Всеблагое электричество
Шрифт:
На нас начали оборачиваться прохожие, и, не желая привлекать к себе лишнего внимания, я приобнял спутницу за талию и повел ее по набережной. Ольга не возражала.
— Наверное, надо иногда совершать такие безумства, — произнесла она, возвращая бутылку. — Без них жизнь становится невероятно сухой и пресной!
Я кивнул. Меня переполняли чувства, они окрыляли. Это было странно, противоестественно и непонятно, но одновременно и ужасно приятно. Заботы и тревоги остались где-то далеко-далеко, они попросту перестали существовать здесь и сейчас.
Темная гладь реки. Небо с огоньками сигнальных огней.

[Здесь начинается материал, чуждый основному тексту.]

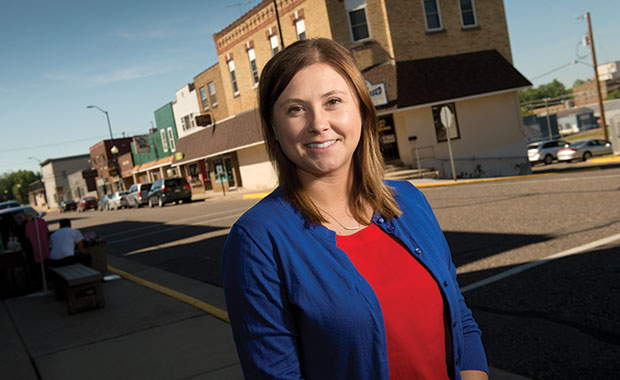 Courtney Graff stands on Medford’s Main Street. Graff has settled into small-town living and the small-town firm of Schmiege & Graff Law Office. (Staff photo by Kevin Harnack)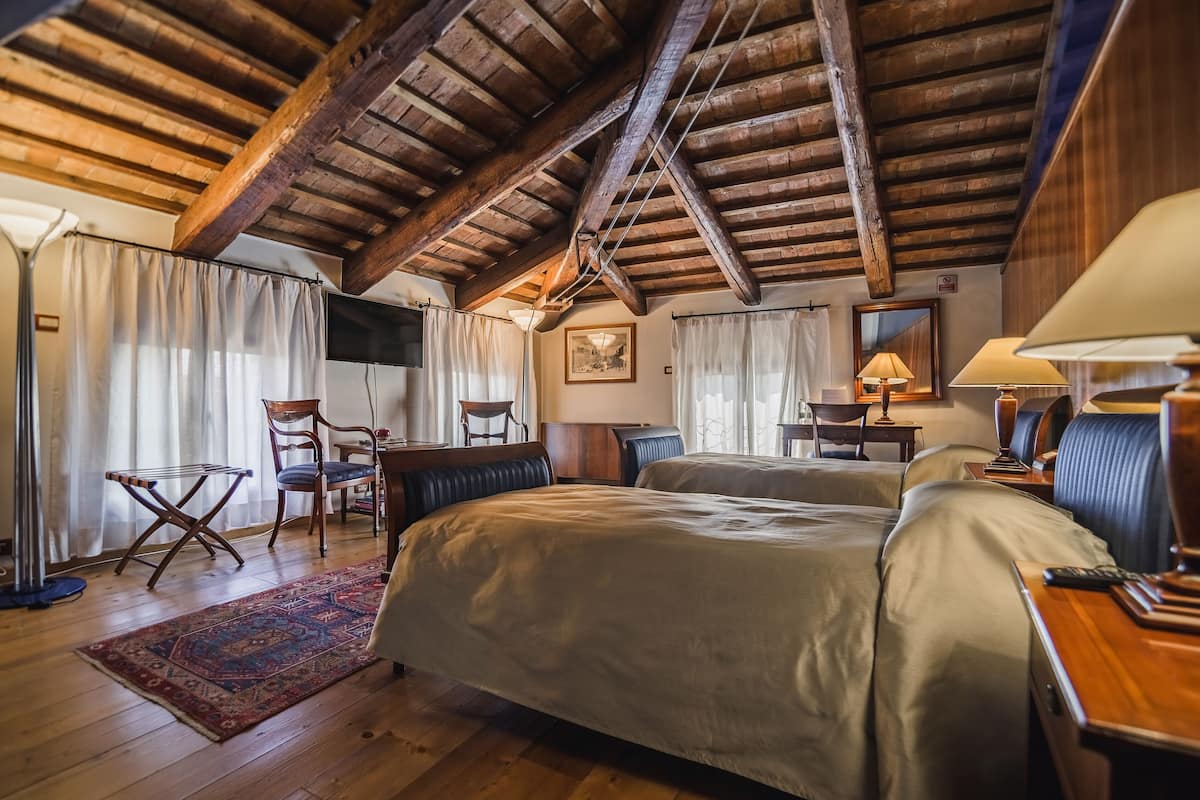 Ein gemütliches Schlafzimmer mit Holzbalken, einem großen Bett, zwei Sesseln, einem Schreibtisch und einer Lampe.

Я был счастлив. Я любил этот город.
Постовой посмотрел на нас с укоризной; я подмигнул ему и увел Ольгу на тенистую аллею, где среди кустов мягко светилась шеренга газовых фонарей. Там мы уселись на свободную лавочку и поцеловались.
Ольга сразу отстранилась и достала пудреницу. Смотрясь в зеркальце, она подправила смазанную поцелуем губную помаду и сказала:
— Не стоило этого делать, — но сразу хитро прищурилась и добавила: — Здесь…
Я расправил носовой платок и вытер губы. След помады показался кровавой отметиной.
Ольга первой встала с лавочки и протянула руку.
— Идем?
Мне никуда идти не хотелось. Каждый шаг неизбежно приближал нас к пансиону, а вечер был слишком прекрасен, чтобы закончиться так рано. Но удерживать танцовщицу я не стал, поднялся на ноги, глотнул шампанского и передал бутылку приме.
Мы ушли с аллеи на тихую улочку, и там я снова обнял Ольгу. И вновь она не возражала.
Приму била ощутимая дрожь, а вот мне холодно не было. Напротив, по жилам вместо крови струилось чистое пламя. Шампанское оказалось на редкость коварным.
Я рассказывал какие-то истории, Ольга смеялась. Опустевшую бутылку оставили на пороге аккуратного домика. То-то утром удивится молочник! Нас это изрядно развеселило.
Смех, ночь, приятное раскачивание земли под ногами.
Радость и беззаботность.
Эйфория.
Но все хорошее когда-нибудь да заканчивается. Очень скоро мы вышли к пансиону и остановились у его дверей.
— Ну, вот и все… — Ольга поцеловала меня, но не дежурно чмокнула на прощанье в щечку, а страстно, ее язычок ловко скользнул мне в рот.
Какое-то время мы простояли обнявшись, а потом танцовщица отстранилась и прошептала:
— Каждый раз, проветривая комнату, я боюсь, что кто-нибудь заберется в окно. Этот клен во дворе… — Она не стала продолжить и постучала молоточком в дверь, а когда лязгнул засов, обернулась и лукаво подмигнула. — Такая духота! Обязательно проветрю комнату перед сном!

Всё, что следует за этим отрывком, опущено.